There are two principal drink driving offences prosecuted by the police, namely driving with excess alcohol and being drunk in charge of a motor vehicle. There is a significant difference in these two offences, in that following a conviction for an offence of driving whilst over the limit, a disqualification is mandatory, whereas the court has a discretion not to disqualify in the event of a conviction for being 'drunk in charge of a motor vehicle'.
It is a separate offence where a person fails, without reasonable excuse, to provide a specimen of breath for analysis when required to do so by a police officer. Many such cases hinge on whether the motorist had a reasonable excuse for not providing a sample. It is often going to be important to adduce expert evidence on the point.
It will always be vitally important to consider all of the evidence in detail and to ascertain what, if any, offence has been committed.
The offence of driving with excess alcohol is punishable with up to six months in prison or an unlimited fine as well as disqualification from driving for a minimum period of 12 months (36 months where the second offence is committed within 10 years of the date of the first conviction).
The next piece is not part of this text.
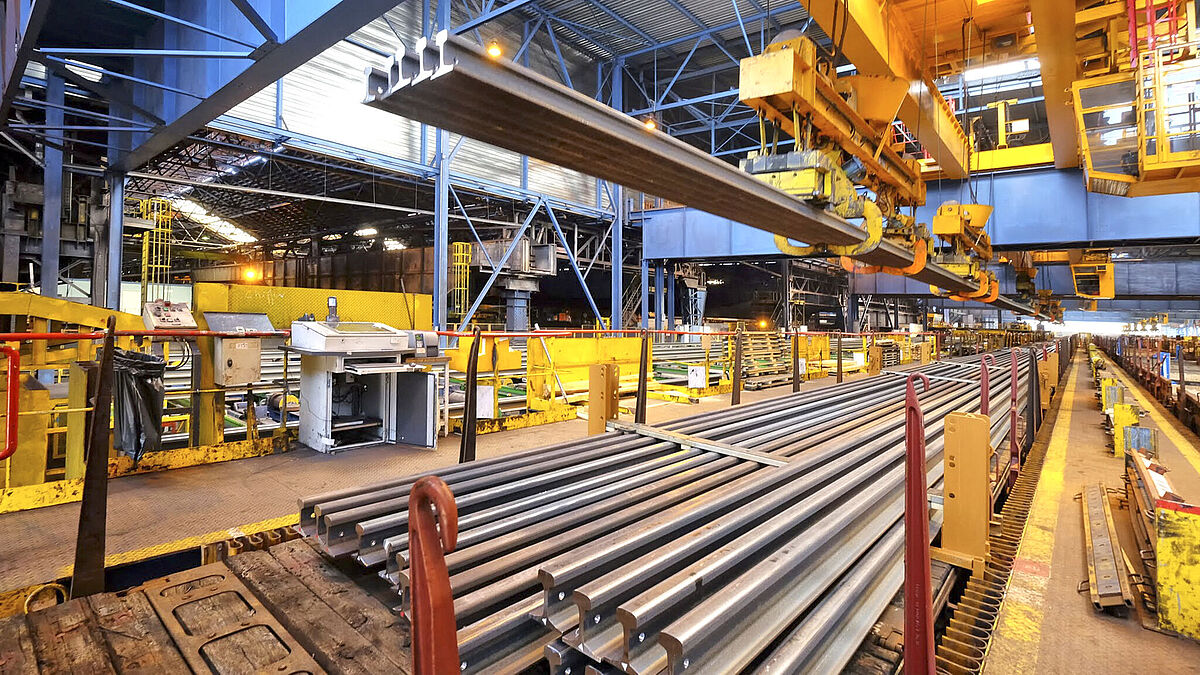 Les rails sont préparés pour le traitement de finition.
If the charge is one of being in charge of a motor vehicle whilst over the limit, a prison sentence of up to three months is the maximum penalty. A driving disqualification or endorsement with 10 penalty points will also be ordered.
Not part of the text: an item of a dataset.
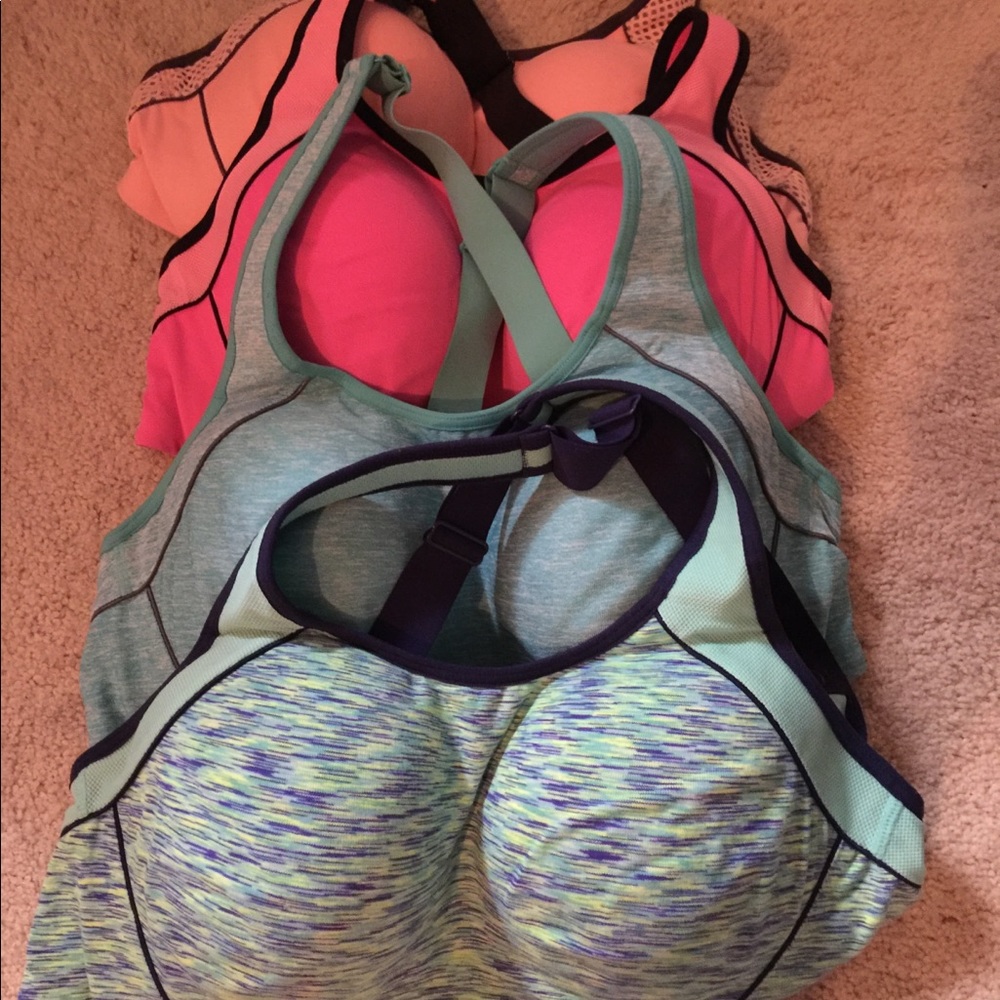 Victoria’s Secret sports bra bundle of 4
The offence of failing to provide a specimen of breath for analysis is also punishable with an unlimited fine / 6 months custody and a driving disqualification. The Magistrates could disqualify for 17 months or more if they believe there has been a deliberate refusal to provide a specimen.
The imposition of a driving ban is extremely likely to have a significant adverse impact on both the family and working life of the motorist. It will therefore be imperative to try and reduce the length of any such ban. Even if a motorist is minded to plead guilty to an offence such as drink driving then it is still important to speak with specialist lawyers to advise on how best to present crucial mitigation and keep any ban to a minimum. Such mitigation may in the end be the difference between retaining a job and losing it.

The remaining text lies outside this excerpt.